Data Penyeberangan: Beban yang Menumpuk
Skala kepadatan yang dihadapi ASDP dapat dipahami dari statistik operasional beberapa hari terakhir. Selama periode 31 Agustus hingga 5 September 2026, tercatat 7.197 penumpang dan 36.218 kendaraan berhasil diseberangkan dari sisi Ketapang. Dari arah sebaliknya, Pelabuhan Gilimanuk mencatat 4.213 penumpang dan 33.810 kendaraan yang menyeberang ke Jawa. Total hampir 70 ribu kendaraan dalam enam hari menunjukkan bahwa lintasan ini menanggung volume lalu lintas yang jauh melampaui kapasitas normal armada.
Kondisi semacam ini bukan fenomena baru. Setiap kali terjadi lonjakan mobilitas—baik akibat libur panjang, pergerakan logistik, maupun faktor musiman—lintasan Ketapang–Gilimanuk menjadi titik paling kritis dalam jaringan penyeberangan nasional. Kegagalan mengurai antrean secara cepat tidak hanya merugikan pengguna jasa, tetapi juga berpotensi mengganggu distribusi barang dan jasa antarpulau.
Koordinasi Lintas Instansi dan Evaluasi Berkelanjutan
General Manager ASDP Cabang Ketapang, Media Syahrianto, menegaskan bahwa perusahaan tidak bekerja sendiri. Bersama regulator pelabuhan—Kantor KSOP dan BPTD—ASDP terus mengoptimalkan jumlah kapal yang beroperasi setiap hari dengan pola hingga delapan trip. Frekuensi trip yang tinggi ini menjadi kunci agar kapasitas teoretis armada benar-benar terkonversi menjadi pergerakan nyata di lapangan.

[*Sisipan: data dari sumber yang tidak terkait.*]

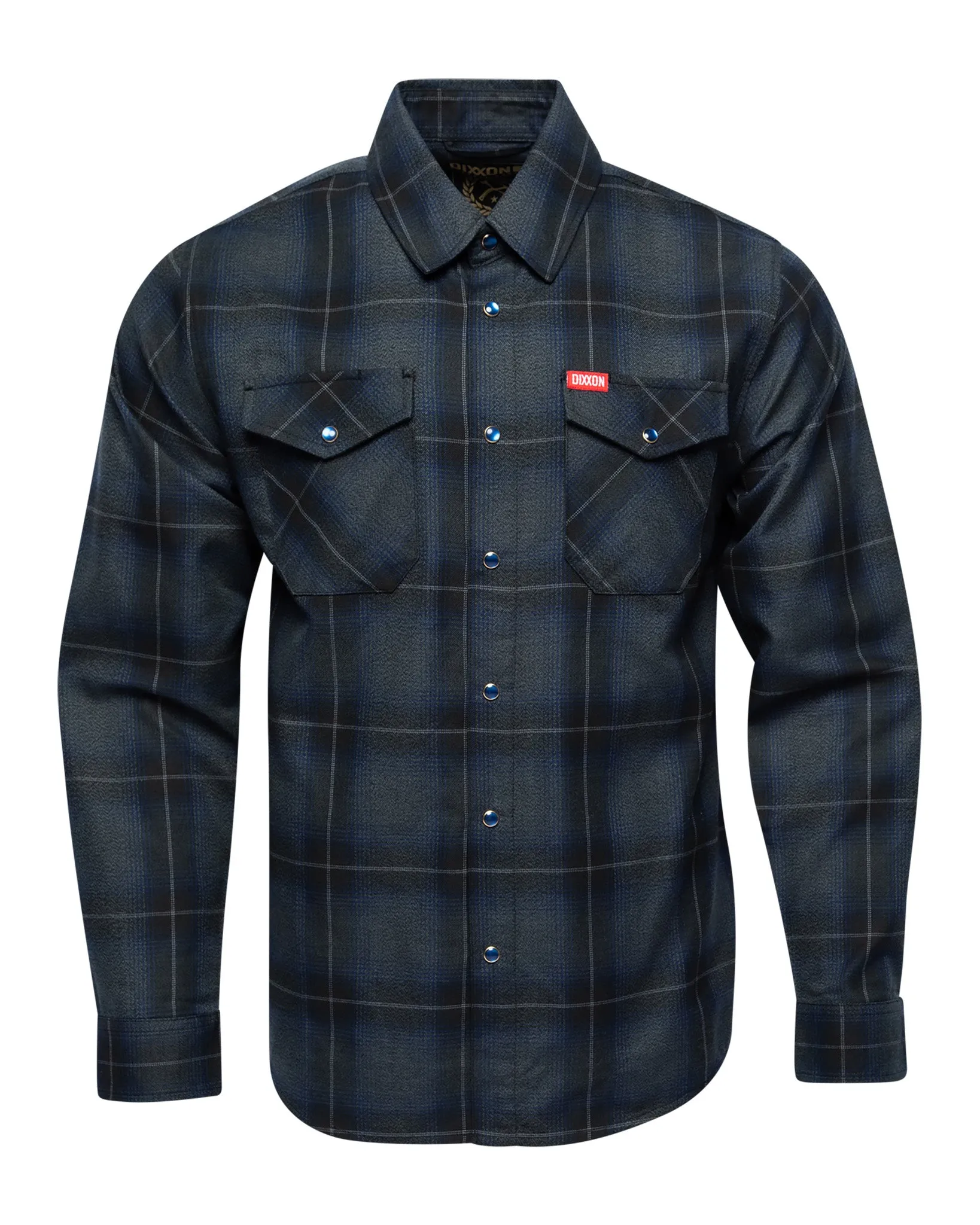 Benchmark Flannel sold by Dixxon product image thumbnail 2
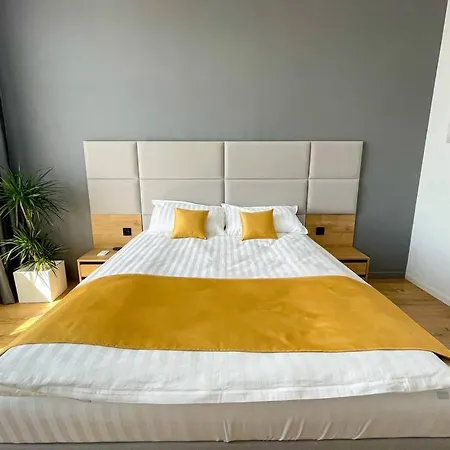 Mons Penthouse Stylish & Relaxing * Brasov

“Kami akan terus bekerja di lapangan dan melakukan evaluasi secara berkala agar setiap kapasitas yang tersedia dapat dimanfaatkan secara optimal. Kami berharap langkah-langkah yang dilakukan ini dapat secara bertahap mempercepat penguraian kepadatan,” jelas Media Syahrianto.
Di samping pengaturan armada, ASDP juga berkoordinasi dengan pemangku kepentingan terkait untuk mengatur arus kendaraan yang masuk dan keluar area pelabuhan. Tujuannya agar pergerakan di dalam kawasan pelabuhan berlangsung tertib, tidak saling menghambat, dan tetap aman bagi seluruh pihak.

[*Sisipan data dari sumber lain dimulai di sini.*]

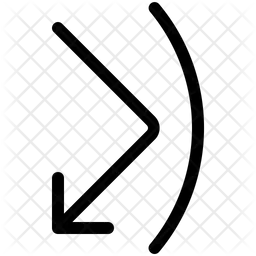 Arrow  Icon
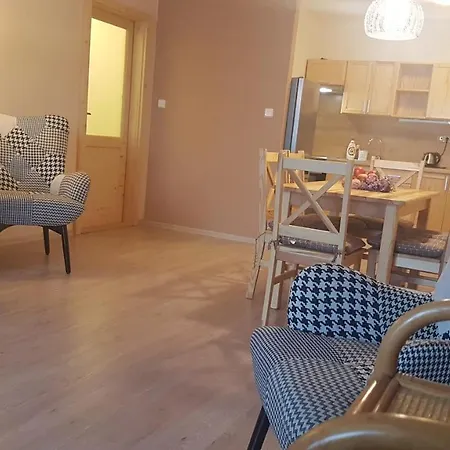 Appartement Apartman A11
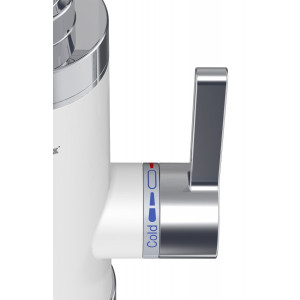 Проточный водонагреватель Thermex Focus 3000 ручка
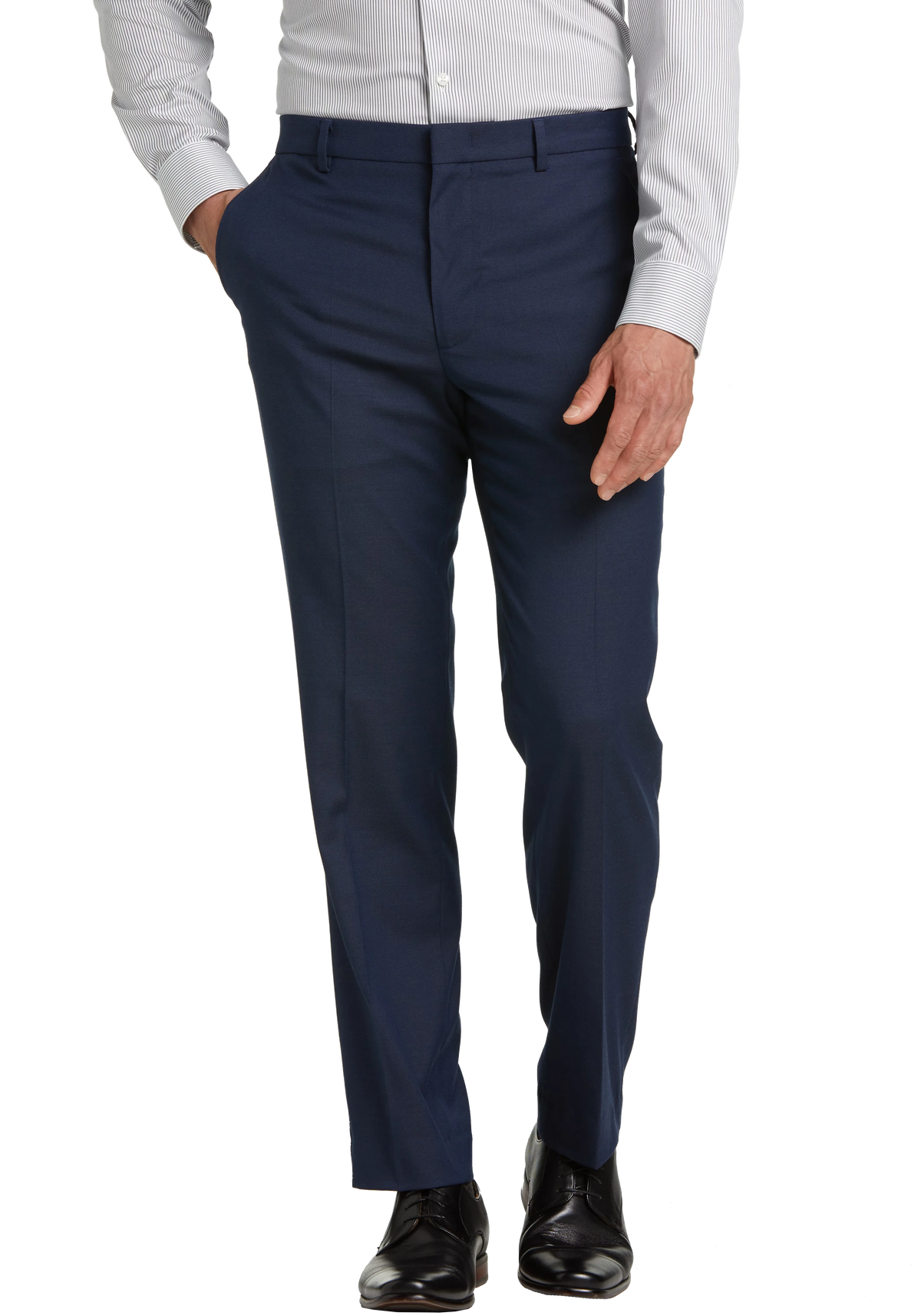 Modern Fit Essential Dress Pants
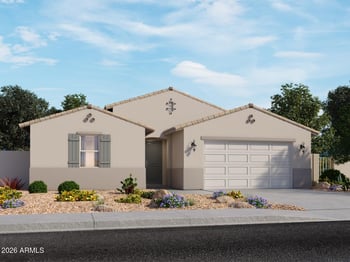 18419 W Manzanita Dr, Waddell, AZ 85355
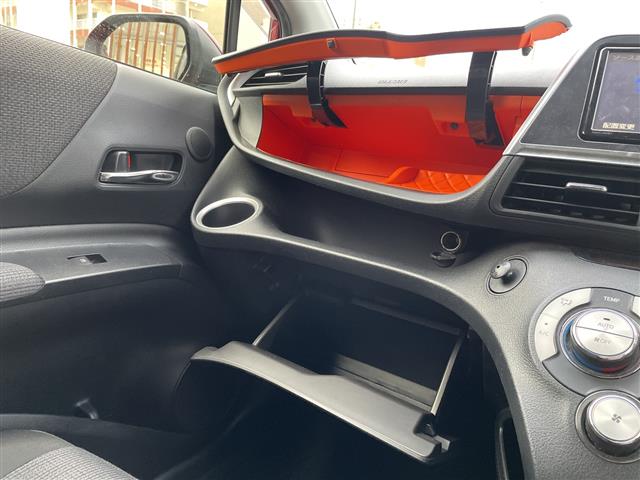 トヨタ シエンタ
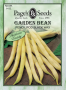 PENCIL POD BLACK WAX BEAN 14GR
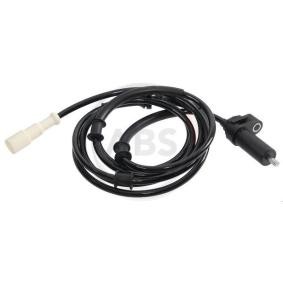 ABS-Sensor 30660 von A.B.S. günstig für 49,49 € online kaufen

Imbauan kepada Pengguna Jasa
Menyikapi situasi yang masih berlangsung, ASDP menyampaikan sejumlah imbauan praktis bagi masyarakat yang hendak menyeberang. Pertama, rencanakan perjalanan sedini mungkin dan pastikan tiket sudah dimiliki sebelum tiba di pelabuhan, sehingga tidak menambah antrean di area pembelian. Kedua, patuhi seluruh arahan petugas di lapangan baik saat memasuki dermaga maupun saat menunggu giliran boarding. Ketiga, jaga ketertiban di area pelabuhan dan jalur akses menuju pelabuhan agar tidak terjadi hambatan tambahan yang memperpanjang waktu tunggu.

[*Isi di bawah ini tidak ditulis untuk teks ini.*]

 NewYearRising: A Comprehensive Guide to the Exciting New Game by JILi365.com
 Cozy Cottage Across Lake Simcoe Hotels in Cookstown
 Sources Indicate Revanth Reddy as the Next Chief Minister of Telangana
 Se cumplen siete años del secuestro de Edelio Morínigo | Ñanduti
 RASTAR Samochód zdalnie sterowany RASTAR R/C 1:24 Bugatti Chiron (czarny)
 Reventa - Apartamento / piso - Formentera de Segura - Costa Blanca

Dengan kombinasi penguatan armada, optimalisasi pola operasi hingga delapan trip per hari, dan koordinasi lintas instansi, ASDP berkomitmen menjaga agar konektivitas Jawa–Bali tetap berjalan maksimal. Penguraian kepadatan, sebagaimana ditegaskan oleh manajemen perusahaan, merupakan proses bertahap yang memerlukan waktu proporsional dengan volume kendaraan yang harus diseberangkan—namun setiap jam pengoperasian tambahan berarti ribuan kendaraan lebih cepat kembali ke jalur darat.
Related Reading
Frequently Asked Questions
What is Dirut ASDP kerahkan dua kapal urai?
Dirut ASDP kerahkan dua kapal urai is the main topic of this guide. The article explains the context, practical details, and next steps readers should understand.
Why does Dirut ASDP kerahkan dua kapal urai matter?
Dirut ASDP kerahkan dua kapal urai matters because readers are looking for a useful answer, not just a short summary. Good content should match search intent and help them decide what to do next.